My personal stance on this issue, as with many others, is that the answer lies in toning down a bunch of the best paths. It wouldn’t be exactly a surgical solution, since the list would be more than a dozen long. And it’s a bit hard to justify, because there is some kind of balance among all the top tier paths, where you often have multiple options to choose from, as long as you don’t mind most of them being martial, and two years old. But, at the end of the day, this tier represents less than 10% of the existing paths, and is powerful enough that choosing to play options from the remaining 90% can feel like handicapping your character.

In the following posts, I will show the list of what I consider the paragon paths most in need of fixing, and then examine each one in detail, discussing why I see them as overpowered or broken, and how they could be changed for the better.
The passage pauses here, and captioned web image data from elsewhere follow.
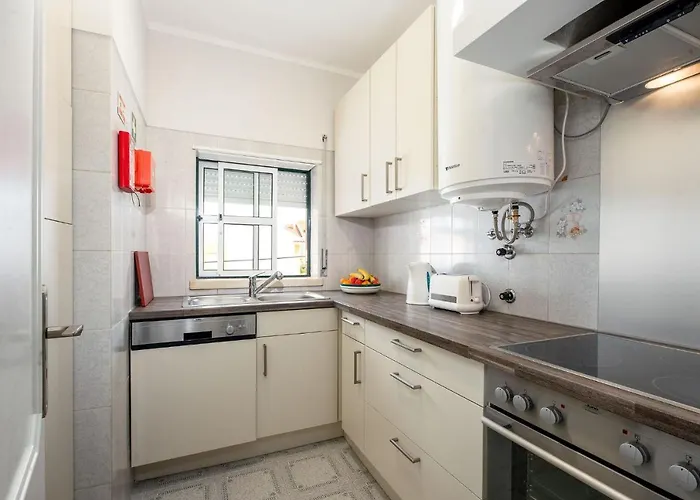 Pointsurprise House Апартаменты Балеал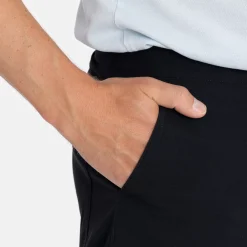 M Flex 5 Pocket Musta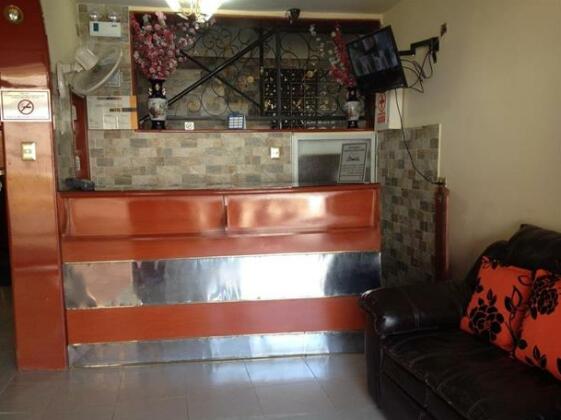 Isis Hotel - Photo3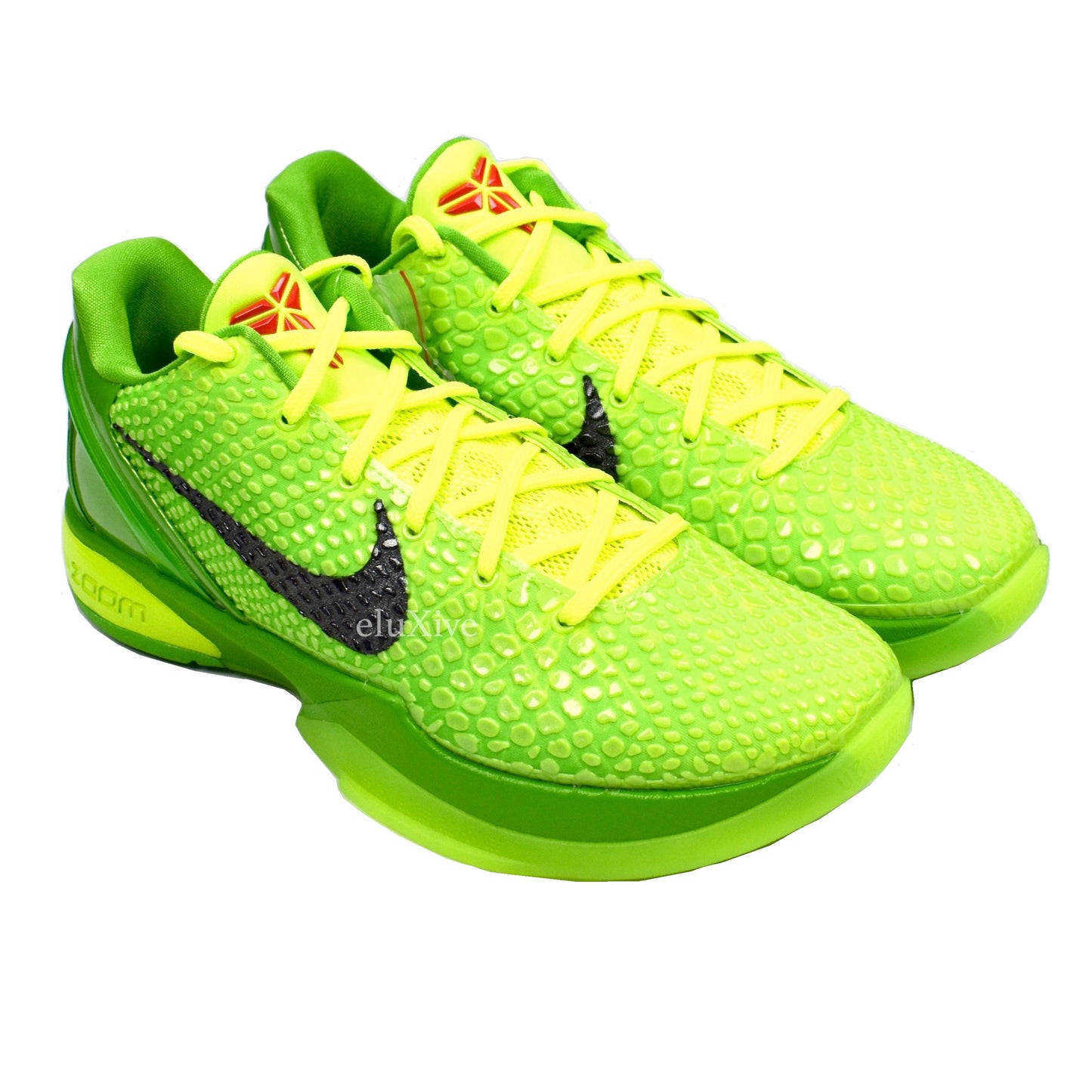 Nike - Kobe VI Proto 'Grinch'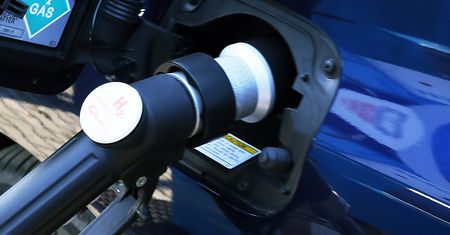 Auta elektryczne to dopiero początek - na wodorze zajedziemy dalej!
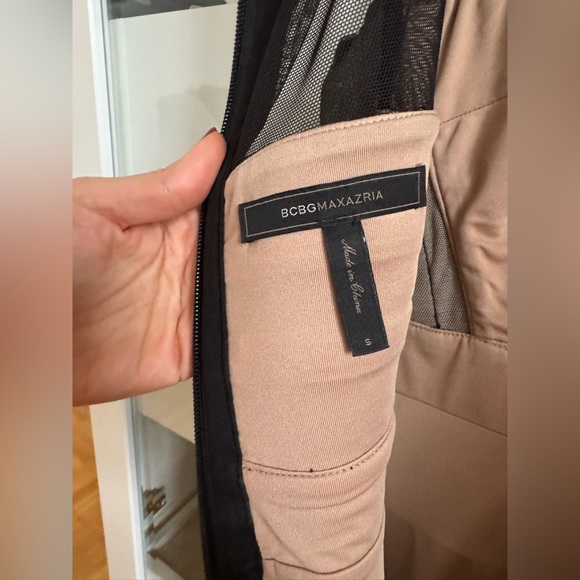 Lady dress size s-BCBG - Picture 3 of 3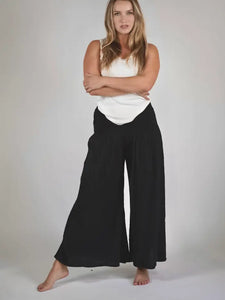 Arpa Gauze Pants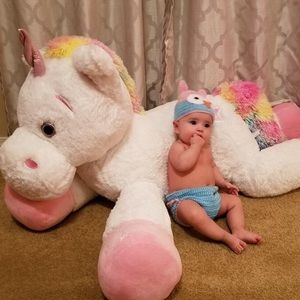 Meet your Posher, Ramona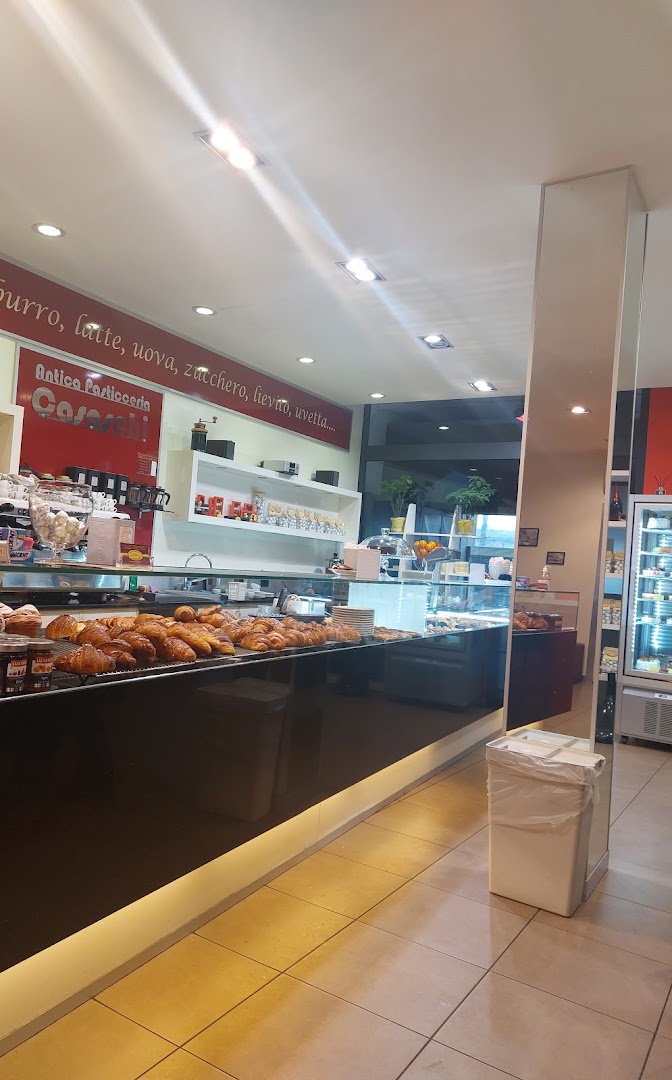 CASASCHI - Pasticceria Artigianale dal 1960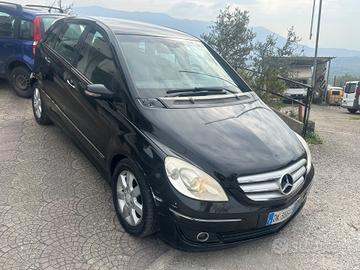 Mercedes-benz B 200 CDI Sport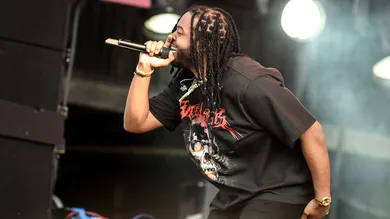 Tabatha Fireman/Getty Image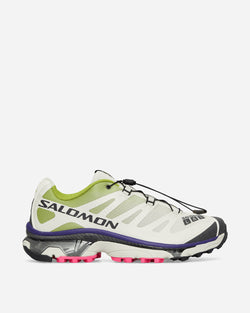 Salomon XT-4 OG Sneakers Vanilla / Dark Citron / Liberty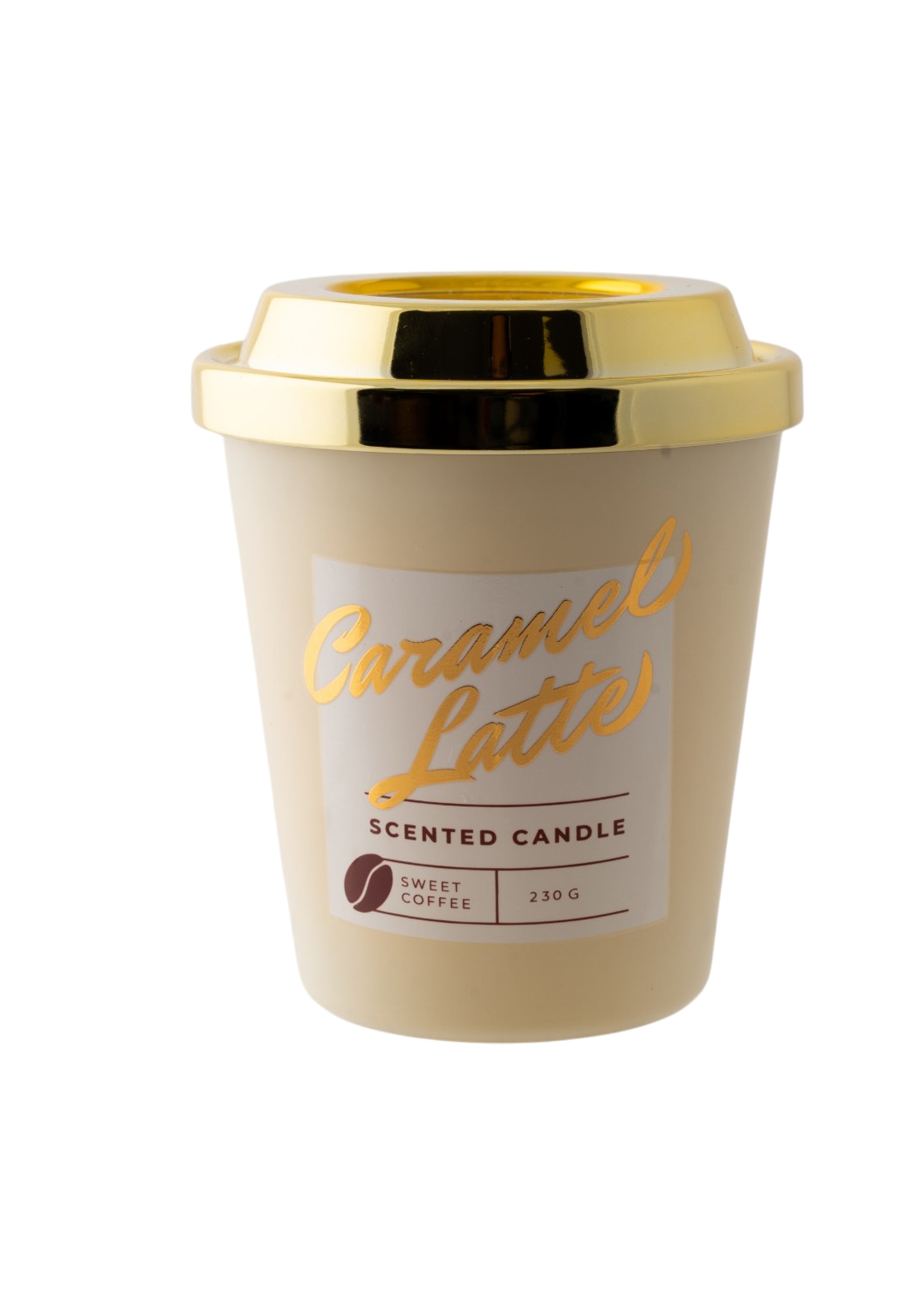 Autumn Scented Candle 230g – 2 Assorted, product image 3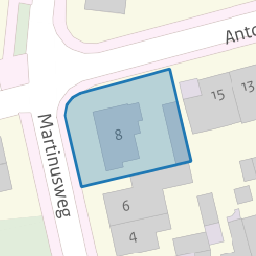 Perceel HWN01-B-1798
  1. Oh absolutely. The wild condition-ality (is that a word?) of Paragon Paths has always been a huge turn off to me; question though? How does Multiclassing (as a Paragon Path) stack up?

  2. Paragon Multiclassing is not a very appealing option. It requires a huge investment in feats and, in return, gives less than you'd get with a regular path. The developers were overly cautious on this one, probably based on previous experiences (i.e. 3E's messy multiclass).

    If you are still interested in playing a paragon multiclasser, I'd strongly recommend the following house rule: characters with Paragon Multiclass gain an extra feat at 11th level, and another one at 16th. This would take the place of the paragon features of other paths, and help offset the feat investment.